1. Field of the Invention
The present invention generally relates to interactive display systems. More specifically, the present invention relates to a lens system as might be used by an illuminator in an interactive display system.
2. Description of the Related Art
If a computer vision system uses a two-dimensional camera input and background subtraction, a random or semi-random dot pattern allows the system to more reliably detect objects that are at a different distance from a background. If the pattern is too regular, however, the object may disappear relative to the background when at a particular distance. This is a result of too many parts of a texture looking alike. Determinations as to the position of objects (or a more accurate indication thereof) therefore suffer. As a result, users may attempt to interact with an object (e.g., grab an object) that is not where the interactive display system otherwise indicates the object to presently be located. There is, therefore, a need for a system that may create lighting patterns useful to computer vision systems and to allow for more accurate tracking and determination of object positions in space.
In a first claimed embodiment, a system for projecting a pattern of light is disclosed. The system includes a light source (an illuminator) including multiple emitters of light. The emitters are arranged in a pattern. The system further includes a cluster of lenses located in front of the light source. The cluster of lenses focuses and projects light from the emitters in numerous directions. The focused and projected light forms a pattern of light. A camera detects the pattern of light on an object illuminated by the emitters. A computing device executes instructions stored in memory to determine a location of the object in space utilizing at least the detected pattern of light on the object.
In a variation of the aforementioned embodiment, the system may include a cluster of infrared light emitting diodes (LEDs). The light emitting diodes generate infrared light that is detectable by the camera but not by the eye of a human observer interacting with the object. The system may alternatively (or additionally) include a condenser lens located between the light source and the cluster of lenses. The condenser lens concentrates light from the light source to the cluster of lens.
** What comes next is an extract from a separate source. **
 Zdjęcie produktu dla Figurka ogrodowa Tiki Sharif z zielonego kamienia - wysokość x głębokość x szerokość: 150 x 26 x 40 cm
A second claimed embodiment of the present invention is for a method for projecting a pattern of infrared light. Through this claimed method, light is emitted from a light source (an illuminator) including multiple emitters arranged in a pattern. A cluster of lenses focuses and projects the emitted light, the cluster of lenses located in front of the light source. The focused and projected light forms a pattern of light. That pattern is detected on an object illuminated by the emitters. As a result, the location of an object in space may be determined utilizing at least the detected pattern of light on the object. The location of the object may be determined by a computing device executing instructions stored in memory (e.g., a program).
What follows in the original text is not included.